Sunday, January 19, 2014

What? Super Famous Authors Get Rejection Letters, Too?

At the annual Florida SCBWI Mid-Winter Conference held in Miami this past weekend, much was discussed concerning rejection letters, collected by most every author known to humanity.  This author certainly has had her share!  It seems fitting, then, to do a post on famous authors who have fallen prey to the same malady.  Have fun! 



GEORGE ORWELL

It seems Alfred Knopf didn’t always understand satire. Animal Farm, the famed dystopian allegory that later became an AP Reader standard and Retrospective Hugo Award winner, was turned down because it was “impossible to sell animal stories in the U.S.A.” A British publishing firm initially accepted and later rejected the work as well, arguing that “…the choice of pigs as the ruling caste will no doubt give offense to many people, and particularly to anyone who is a bit touchy, as undoubtedly the Russians are.”

 GERTRUDE STEIN

A shockingly nasty letter, I can only imagine how Ms. Stein reacted to this missive from Arthur C. Fifield with her manuscript for Three Lives: “Being only one, having only one pair of eyes, having only one time, having only one life, I cannot read your MS three or four times. Not even one time. Only one look, only one look is enough. Hardly one copy would sell here. Hardly one. Hardly one.” Twenty years later, Stein’sThe Autobiography of Alice B. Toklas became her one and only best-seller.

 STEPHEN KING

Most fans know that King’s big break came with Carrie, the story of a friendless, abused girl with secret telekinetic powers. Though one publishing house told him they were “not interested in science fiction which deals with negative utopias.  They do not sell,” Doubleday picked up the paperback rights to the novel and sold more than a million copies in its first year.

 WILLIAM GOLDING

Lord of the Flies was a favorite of so many high-school students, some publishers disagreed. One agent called the classic “an absurd and uninteresting fantasy which was rubbish and dull.” To date, the book has been required reading in high schools for nearly fifty years, 14.5 million copies have been sold, and Golding’s work has been adapted for film twice.

 MARY HIGGINS CLARK

Back in 1966, the young romance author was trying to sell a story she called “Journey Back to Love.” It didn’t go well, however; her submission to Redbook came back with a rejection from the editors, stating "We found the heroine as boring as her husband had." Ouch! The piece was eventually run as a two-part serial in an English magazine, and Mary Higgins Clark currently boasts forty-two bestselling novels.


Friday, August 19, 2011

The Help, by Kathryn Stockett-A Study in Pre-Civil Rights Mississippi Women

Talk about rejection and redemption!  Kathryn Stockett, author of the bestselling book, and now highly successful movie, The Help, received 60 rejection letters over 3 and a half years—and still didn’t give up. Good thing she didn’t.

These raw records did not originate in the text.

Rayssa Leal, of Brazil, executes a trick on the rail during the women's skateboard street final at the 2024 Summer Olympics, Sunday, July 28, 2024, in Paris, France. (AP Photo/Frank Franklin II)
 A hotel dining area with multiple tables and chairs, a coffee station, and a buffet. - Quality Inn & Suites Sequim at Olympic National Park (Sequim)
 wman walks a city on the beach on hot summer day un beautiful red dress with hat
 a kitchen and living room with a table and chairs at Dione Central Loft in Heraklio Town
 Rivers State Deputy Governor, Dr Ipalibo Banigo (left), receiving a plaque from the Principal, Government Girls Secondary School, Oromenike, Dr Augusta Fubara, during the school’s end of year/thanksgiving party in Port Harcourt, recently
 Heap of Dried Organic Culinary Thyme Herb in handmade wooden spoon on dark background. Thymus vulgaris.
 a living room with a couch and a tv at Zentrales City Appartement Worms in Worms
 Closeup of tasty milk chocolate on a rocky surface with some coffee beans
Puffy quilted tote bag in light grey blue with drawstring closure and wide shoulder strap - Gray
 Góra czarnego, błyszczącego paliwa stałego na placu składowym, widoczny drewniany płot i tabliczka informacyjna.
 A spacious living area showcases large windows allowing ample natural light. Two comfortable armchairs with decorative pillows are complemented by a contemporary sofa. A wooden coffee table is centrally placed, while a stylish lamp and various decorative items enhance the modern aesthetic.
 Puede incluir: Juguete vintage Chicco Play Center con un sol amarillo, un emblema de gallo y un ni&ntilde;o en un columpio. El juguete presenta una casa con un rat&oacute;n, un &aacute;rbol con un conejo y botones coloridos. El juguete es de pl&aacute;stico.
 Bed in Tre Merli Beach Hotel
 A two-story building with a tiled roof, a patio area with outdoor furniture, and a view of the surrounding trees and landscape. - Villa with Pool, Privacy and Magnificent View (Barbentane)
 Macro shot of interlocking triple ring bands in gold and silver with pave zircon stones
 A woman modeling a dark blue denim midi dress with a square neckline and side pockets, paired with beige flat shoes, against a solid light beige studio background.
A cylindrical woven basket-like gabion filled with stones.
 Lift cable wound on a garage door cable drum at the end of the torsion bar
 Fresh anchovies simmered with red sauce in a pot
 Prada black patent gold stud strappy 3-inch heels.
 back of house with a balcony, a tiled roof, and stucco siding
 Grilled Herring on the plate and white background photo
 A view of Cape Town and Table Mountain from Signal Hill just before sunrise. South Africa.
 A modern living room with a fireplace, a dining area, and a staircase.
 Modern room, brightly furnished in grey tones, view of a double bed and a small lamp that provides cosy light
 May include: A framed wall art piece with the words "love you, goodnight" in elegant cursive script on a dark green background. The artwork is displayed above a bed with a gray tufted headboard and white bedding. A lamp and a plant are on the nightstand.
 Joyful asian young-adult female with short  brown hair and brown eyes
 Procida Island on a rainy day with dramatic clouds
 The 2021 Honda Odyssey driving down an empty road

(Be sure to view the film's trailer at bottom of post.)

The Help is a rich treatise on growing up in Mississippi.  It is written from the perspective of a white woman from the South who writes from the viewpoint of African-American maids. 

The book deals with the complicated relationships between African-American domestic servants and the white women who employed them.  Set in pre-civil rights Mississippi, the book  has spent over 30 weeks on the New York Times' best-seller list.

In the author's own words:
...A few months later, I sent it to a few more agents. And received a few more rejections. Well, more like 15. I was a little less giddy this time, but I kept my chin up. “Maybe the next book will be the one,” a friend said. Next book? I wasn’t about to move on to the next one just because of a few stupid letters. I wanted to write this book.
A year and a half later, I opened my 40th rejection: “There is no market for this kind of tiring writing.” That one finally made me cry. “You have so much resolve, Kathryn,” a friend said to me. “How do you keep yourself from feeling like this has been just a huge waste of your time?”
That was a hard weekend. I spent it in pajamas, slothing around that racetrack of self-pity—you know the one, from sofa to chair to bed to refrigerator, starting over again on the sofa. But I couldn’t let go of The Help. Call it tenacity, call it resolve or call it what my husband calls it: stubbornness.
After rejection number 40, I started lying to my friends about what I did on the weekends. They were amazed by how many times a person could repaint her apartment. The truth was, I was embarrassed for my friends and family to know I was still working on the same story, the one nobody apparently wanted to read.
Aside from being an interesting vignette about a tenacious woman who believed in her story and wouldn't let go of that belief, it is also a cautionary tale for authors and authors-in-waiting.  We write from our hearts.  We write because we have to write.  And we receive rejections.  And that can be demoralizing.  But we  cannot give up on our dream.  We should not give up our dream.  Indeed, from Kathryn Stockett's amazing journey,  let's all take heart and laugh (at least, try to) in the face of "those letters."